Restore evaluator state from serialized data.

This method restores the internal state from data previously saved with get_state(), enabling recovery from checkpoints.

Parameters:

Name	Type	Description	Default
`state`	`Dict[str, Any]`	State dictionary from get_state()	required

Source code in stickler/structured_object_evaluator/bulk_structured_model_evaluator.py

def load_state(self, state: Dict[str, Any]) -> None:
    """
    Restore evaluator state from serialized data.

    This method restores the internal state from data previously saved
    with get_state(), enabling recovery from checkpoints.

    Args:
        state: State dictionary from get_state()
    """
    # Validate state compatibility
    if state.get("target_schema") != self._schema_name:
        raise ValueError(
            f"State schema {state.get('target_schema')} doesn't match evaluator schema {self._schema_name}"
        )

    # Restore confusion matrix state
    cm_state = state["confusion_matrix"]
    self._confusion_matrix = {
        "overall": defaultdict(int, cm_state["overall"]),
        "fields": defaultdict(lambda: defaultdict(int)),
    }

    for field_path, field_metrics in cm_state["fields"].items():
        self._confusion_matrix["fields"][field_path] = defaultdict(
            int, field_metrics
        )

    # Restore other state
    self._errors = list(state["errors"])
    self._processed_count = state["processed_count"]
    self._start_time = state["start_time"]
    # .get() keeps older state dicts (no key) loadable.
    self._accumulator_errors = defaultdict(
        int, state.get("accumulator_errors", {})
    )

    acc_states = _migrate_legacy_acc_states(state)
    for acc in self._accumulators:
        if acc.name in acc_states:
            acc.load_state(acc_states[acc.name])

    # .get() keeps older state dicts (no score keys) loadable.
    self._overall_score_sum = float(state.get("overall_score_sum", 0.0))
    self._overall_score_count = int(state.get("overall_score_count", 0))
    self._field_score_sums = defaultdict(float, state.get("field_score_sums", {}))
    self._field_score_counts = defaultdict(int, state.get("field_score_counts", {}))

    if self.verbose:
        print(f"Loaded state: {self._processed_count} documents processed")

`merge_state(other_state)`

Merge results from another evaluator instance.

This method enables distributed processing by merging confusion matrix counts from multiple evaluator instances that processed different portions of a dataset.

Parameters:

Name	Type	Description	Default
`other_state`	`Dict[str, Any]`	State dictionary from another evaluator instance	required

Source code in stickler/structured_object_evaluator/bulk_structured_model_evaluator.py

def merge_state(self, other_state: Dict[str, Any]) -> None:
    """
    Merge results from another evaluator instance.

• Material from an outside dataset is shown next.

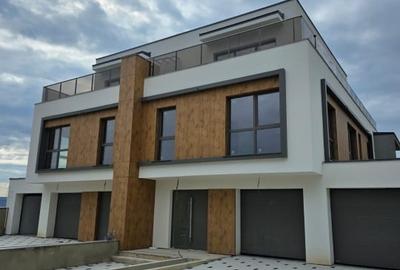 DUPLEX PREMIUM P+E+R CU PANORAMA CART VORONET DUPLEX PREMIUM P+E+R CU PANORAMA CART VORONET - 8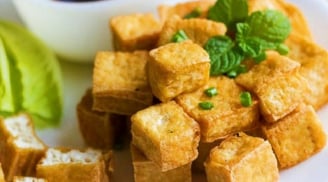 Cách rán đậu phụ giòn tan không lo dính chảo vỡ nát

    This method enables distributed processing by merging confusion matrix
    counts from multiple evaluator instances that processed different
    portions of a dataset.

    Args:
        other_state: State dictionary from another evaluator instance
    """
    # Validate compatibility
    if other_state.get("target_schema") != self._schema_name:
        raise ValueError(
            f"Cannot merge incompatible schemas: {other_state.get('target_schema')} vs {self._schema_name}"
        )

    # Merge overall metrics
    other_cm = other_state["confusion_matrix"]
    for metric, value in other_cm["overall"].items():
        self._confusion_matrix["overall"][metric] += value

    # Merge field-level metrics
    for field_path, field_metrics in other_cm["fields"].items():
        for metric, value in field_metrics.items():
            self._confusion_matrix["fields"][field_path][metric] += value

    # Merge errors and counts
    self._errors.extend(other_state["errors"])
    self._processed_count += other_state["processed_count"]
    for name, count in other_state.get("accumulator_errors", {}).items():
        self._accumulator_errors[name] += int(count)

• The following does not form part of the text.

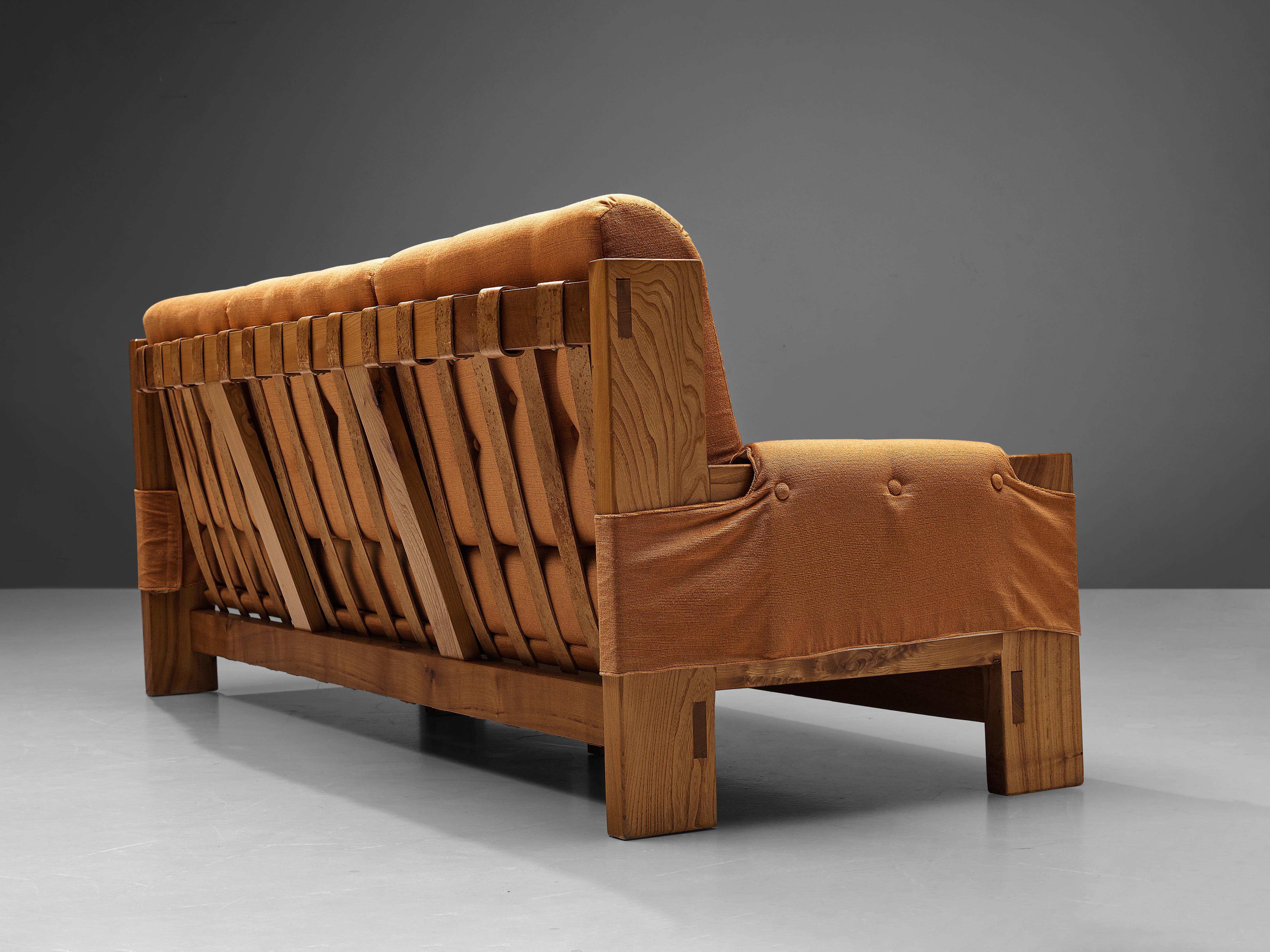Mid-Century Modern Canapé Maison Regain en orme et tissu orange en vente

    acc_states = _migrate_legacy_acc_states(other_state)
    for acc in self._accumulators:
        if acc.name in acc_states:
            acc.merge_state(acc_states[acc.name])

    # .get() keeps older peer states (no score keys) mergeable.
    self._overall_score_sum += float(other_state.get("overall_score_sum", 0.0))
    self._overall_score_count += int(other_state.get("overall_score_count", 0))
    for path, s in other_state.get("field_score_sums", {}).items():
        self._field_score_sums[path] += float(s)
    for path, c in other_state.get("field_score_counts", {}).items():
        self._field_score_counts[path] += int(c)

    if self.verbose:
        print(
            f"Merged state: now {self._processed_count} total documents processed"
        )

`pretty_print_metrics()`

Pretty print current accumulated metrics in a format similar to StructuredModel.

Displays overall metrics, field-level metrics, and evaluation summary in a human-readable format.

Source code in stickler/structured_object_evaluator/bulk_structured_model_evaluator.py

def pretty_print_metrics(self) -> None:
    """
    Pretty print current accumulated metrics in a format similar to StructuredModel.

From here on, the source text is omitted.